Tag Archives: R

naijR 0.2.2

This post is to announce the arrival of naijR 0.2.2 on CRAN.

New S3 classes

This version of the package introduces the use of an object-oriented style to programming, making available constructors for states and lgas objects. To create instances of both classes, we pass a character vector of States or LGAs as appropriate. These constructors are somewhat permissive and do not perform strict accuracy checks. For that we have the functions is_state and is_lga.

Check for LGAs

There are 774 LGAs in the country and they are pivotal to any analytic tasks done with country data. They are also very often misspelt as any dataset taken from the wild would reveal. I have taken the pains to provide authoritative appellation for this tier of governance using government sources. This can be easily inspected in the inbuilt package dataset lgas_nigeria.

The new function is_lga will scan through a vector to check whether its elements have correctly spelt LGAs. Where poorly spelt ones are found, the function fix_region can be used to correct this. The method for lgas objects will attempt to do this automatically using partial matching. For example

> library(naijR)

> mylga <- c("Amuwo-Odofin", "Bukuru", "Askira-Uba")

> is_lga(mylga)
[1] TRUE FALSE FALSE

Fix mispelt regions

A major addition in the current version is the function fix_region, which helps a user to repair any misspelt adminstrative regions within a dataset. The function has methods for different kinds of regions i.e. States and Local Government Areas, which are optionally represented as the S3 objects states and lgas, respectively. However, the function also has a method for base character vectors, mainly for States, since they are not that many. To repair our vector my_lga, we will create an lgas object first and then pass it as an argument to fix_region.

> fixed <- fix_region(lgas(mylga))
Approximate match(es) not found for the following:
* Bukuru
Warning message:
In lgas(mylga) : One or more elements is not an LGA

> fixed
[1] "Amuwo-Odofin" "Bukuru"       "Askira/Uba"

The LGA Askira-Uba has been corrected to its correct spelling, Askira/Uba. However, a match could not be found for the element Bukuru. (Bukuru is actually the name of the headquarters of Jos South LGA of Plateau State). To continue attempting to repair our vector, we run fix_region in interactive mode

> fixed <- fix_region(lgas(mylga), interactive = TRUE)
Approximate match(es) not found for the following:
* Bukuru
Do you want to repair interactively? (Y/N): 

The user is prompted to continue interatively.
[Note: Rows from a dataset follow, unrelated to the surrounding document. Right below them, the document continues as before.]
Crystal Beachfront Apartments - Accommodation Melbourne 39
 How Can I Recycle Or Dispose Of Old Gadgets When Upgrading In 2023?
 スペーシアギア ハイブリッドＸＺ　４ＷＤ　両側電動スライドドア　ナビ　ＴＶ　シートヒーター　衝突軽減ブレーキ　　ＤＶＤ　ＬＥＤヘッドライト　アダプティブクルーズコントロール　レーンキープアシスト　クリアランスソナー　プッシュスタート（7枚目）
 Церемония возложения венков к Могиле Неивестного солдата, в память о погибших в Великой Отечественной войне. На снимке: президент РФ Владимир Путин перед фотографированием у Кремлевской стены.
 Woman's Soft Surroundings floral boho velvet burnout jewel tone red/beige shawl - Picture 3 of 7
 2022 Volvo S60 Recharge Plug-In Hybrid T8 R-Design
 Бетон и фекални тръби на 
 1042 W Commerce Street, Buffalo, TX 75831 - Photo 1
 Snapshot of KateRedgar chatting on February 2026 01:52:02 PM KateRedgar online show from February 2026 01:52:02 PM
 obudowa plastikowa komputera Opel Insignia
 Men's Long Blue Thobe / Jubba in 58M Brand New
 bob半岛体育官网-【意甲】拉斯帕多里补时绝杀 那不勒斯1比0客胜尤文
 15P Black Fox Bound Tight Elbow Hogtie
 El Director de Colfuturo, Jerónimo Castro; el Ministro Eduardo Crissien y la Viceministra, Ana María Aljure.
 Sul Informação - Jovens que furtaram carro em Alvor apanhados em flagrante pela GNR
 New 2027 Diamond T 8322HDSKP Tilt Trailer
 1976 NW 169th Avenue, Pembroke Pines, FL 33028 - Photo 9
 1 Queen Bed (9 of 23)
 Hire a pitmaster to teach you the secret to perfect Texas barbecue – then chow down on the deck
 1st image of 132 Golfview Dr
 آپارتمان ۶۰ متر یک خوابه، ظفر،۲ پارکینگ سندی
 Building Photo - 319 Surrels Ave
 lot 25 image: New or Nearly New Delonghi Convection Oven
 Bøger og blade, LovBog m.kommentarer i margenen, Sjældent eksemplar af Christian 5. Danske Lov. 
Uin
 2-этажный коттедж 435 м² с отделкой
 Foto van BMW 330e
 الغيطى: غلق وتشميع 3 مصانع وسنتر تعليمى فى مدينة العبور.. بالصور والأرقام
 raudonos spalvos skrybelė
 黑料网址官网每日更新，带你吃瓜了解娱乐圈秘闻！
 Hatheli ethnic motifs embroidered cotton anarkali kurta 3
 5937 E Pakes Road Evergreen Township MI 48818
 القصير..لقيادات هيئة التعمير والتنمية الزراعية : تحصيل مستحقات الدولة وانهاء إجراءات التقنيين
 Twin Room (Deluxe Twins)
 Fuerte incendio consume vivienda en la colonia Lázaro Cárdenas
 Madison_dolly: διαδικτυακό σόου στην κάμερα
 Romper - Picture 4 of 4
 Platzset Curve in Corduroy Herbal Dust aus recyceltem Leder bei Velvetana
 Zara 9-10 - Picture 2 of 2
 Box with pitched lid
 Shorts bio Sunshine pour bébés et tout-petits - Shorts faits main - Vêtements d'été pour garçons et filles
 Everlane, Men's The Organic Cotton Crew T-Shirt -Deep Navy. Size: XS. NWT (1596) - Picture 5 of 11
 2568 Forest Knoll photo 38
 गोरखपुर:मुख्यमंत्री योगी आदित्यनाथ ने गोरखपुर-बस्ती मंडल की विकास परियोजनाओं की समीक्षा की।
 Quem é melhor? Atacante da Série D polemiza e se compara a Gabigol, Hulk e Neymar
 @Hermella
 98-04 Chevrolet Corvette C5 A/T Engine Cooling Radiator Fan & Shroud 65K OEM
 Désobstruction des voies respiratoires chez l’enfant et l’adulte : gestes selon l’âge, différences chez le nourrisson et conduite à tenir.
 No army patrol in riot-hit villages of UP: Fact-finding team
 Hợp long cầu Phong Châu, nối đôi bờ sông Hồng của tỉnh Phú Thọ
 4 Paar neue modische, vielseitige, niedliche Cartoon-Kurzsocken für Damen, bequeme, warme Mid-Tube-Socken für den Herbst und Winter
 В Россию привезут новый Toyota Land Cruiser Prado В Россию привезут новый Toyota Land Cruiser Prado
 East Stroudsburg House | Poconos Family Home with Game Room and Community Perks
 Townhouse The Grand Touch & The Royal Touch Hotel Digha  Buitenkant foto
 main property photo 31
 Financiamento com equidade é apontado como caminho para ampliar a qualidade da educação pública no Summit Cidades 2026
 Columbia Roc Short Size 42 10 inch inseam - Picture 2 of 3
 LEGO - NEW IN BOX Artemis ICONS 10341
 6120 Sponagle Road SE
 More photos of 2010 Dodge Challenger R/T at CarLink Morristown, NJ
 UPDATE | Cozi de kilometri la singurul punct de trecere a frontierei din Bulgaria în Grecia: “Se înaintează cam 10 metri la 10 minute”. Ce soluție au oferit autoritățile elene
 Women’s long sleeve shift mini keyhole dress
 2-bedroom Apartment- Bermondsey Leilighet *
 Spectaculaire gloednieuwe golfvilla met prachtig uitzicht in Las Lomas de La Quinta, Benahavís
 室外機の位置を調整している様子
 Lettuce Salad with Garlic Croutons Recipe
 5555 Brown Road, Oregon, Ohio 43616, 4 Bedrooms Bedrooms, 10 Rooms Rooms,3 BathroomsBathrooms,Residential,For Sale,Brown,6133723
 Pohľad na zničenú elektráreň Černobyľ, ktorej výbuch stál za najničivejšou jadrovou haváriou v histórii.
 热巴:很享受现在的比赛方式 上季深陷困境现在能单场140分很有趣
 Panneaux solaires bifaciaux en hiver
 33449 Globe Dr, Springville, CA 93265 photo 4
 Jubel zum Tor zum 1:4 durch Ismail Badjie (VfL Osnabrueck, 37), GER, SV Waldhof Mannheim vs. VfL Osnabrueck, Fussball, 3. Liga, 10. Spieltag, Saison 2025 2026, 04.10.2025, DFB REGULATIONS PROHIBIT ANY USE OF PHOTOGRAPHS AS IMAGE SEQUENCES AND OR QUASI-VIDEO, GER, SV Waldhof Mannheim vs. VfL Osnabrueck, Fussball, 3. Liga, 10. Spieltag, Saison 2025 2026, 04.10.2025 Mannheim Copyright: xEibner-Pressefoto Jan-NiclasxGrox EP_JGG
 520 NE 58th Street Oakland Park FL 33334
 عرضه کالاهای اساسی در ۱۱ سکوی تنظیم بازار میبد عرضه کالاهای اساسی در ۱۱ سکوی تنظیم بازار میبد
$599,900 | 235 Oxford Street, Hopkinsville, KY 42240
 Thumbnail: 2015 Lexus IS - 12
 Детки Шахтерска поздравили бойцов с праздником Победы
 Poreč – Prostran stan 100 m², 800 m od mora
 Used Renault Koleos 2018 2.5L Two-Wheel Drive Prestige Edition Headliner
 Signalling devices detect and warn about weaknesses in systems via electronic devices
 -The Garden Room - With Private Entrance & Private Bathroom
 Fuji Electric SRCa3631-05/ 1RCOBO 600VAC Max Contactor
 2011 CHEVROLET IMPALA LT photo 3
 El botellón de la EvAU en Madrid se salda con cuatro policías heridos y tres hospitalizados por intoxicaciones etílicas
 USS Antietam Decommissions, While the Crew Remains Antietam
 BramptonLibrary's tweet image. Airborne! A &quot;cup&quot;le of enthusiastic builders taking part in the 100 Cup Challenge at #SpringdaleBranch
To continue enter something like y.

Fixing ‘Bukuru’
Search pattern: buk
Select the LGA 

1: Bukkuyum
2: Retry
3: Skip
4: Quit

We are searching for options using the search term buk and only one option was returned i.e. Bukkuyum. Unfortunately, that’s not the one we are looking for so we will enter 2 and run the search again, by passing only bu

Selection: 2
Search pattern: bu
Select the LGA 

 1: Buruku                         2: Akpabuyo                    
 3: Obubra                         4: Obudu                       
 5: Burutu                         6: Abuja Municipal Area Council
 7: Babura                         8: Buji                        
 9: Bunkure                       10: Sabuwa                      
11: Bunza                         12: Kabba/Bunu                  
13: Ijebu East                    14: Ijebu North                 
15: Ijebu North East              16: Ijebu Ode                   
17: Abua/Odual                    18: Tambuwal                    
19: Bursari                       20: Bukkuyum                    
21: Bungudu                       22: Retry                       
23: Skip                          24: Quit      
                  

The LGA I wanted to select was Buruku, so I pick option 1

Selection: 1
Warning message:
In lgas(mylga) : One or more elements is not an LGA

> fixed
[1] "Amuwo-Odofin" "Buruku"       "Askira/Uba"  
> is_lga(fixed)
[1] TRUE TRUE TRUE

We’ve fixed the LGAs! At this point, any LGAs that could not be fixed can be treated be directly manipulation of the object,

Maps

This version of the package provides increased granularity for the Nigeria country map, currently going down to LGA levels.

map_ng(lgas())

To know more about drawing Nigeria maps with the package, see the documentation (?map_ng) or read the vignette.

Conclusion

This version of naijR brings some new functionality to aid with data cleaning and validation of LGA names, as well as LGA level mapping. I would like you to try it out and give me some feedback.

Leave a comment

Filed under Data Scoemce

An R package to help with RQDA

A few weeks aga, I published a package on GitHub, which I called RQDAassist. The package was inspired by a script I wrote to help RQDA users, myself included, to install the package after it was archived on CRAN when R 4.0 arrived on the scene. So, when RQDAassist was first published, that was its only real functionality.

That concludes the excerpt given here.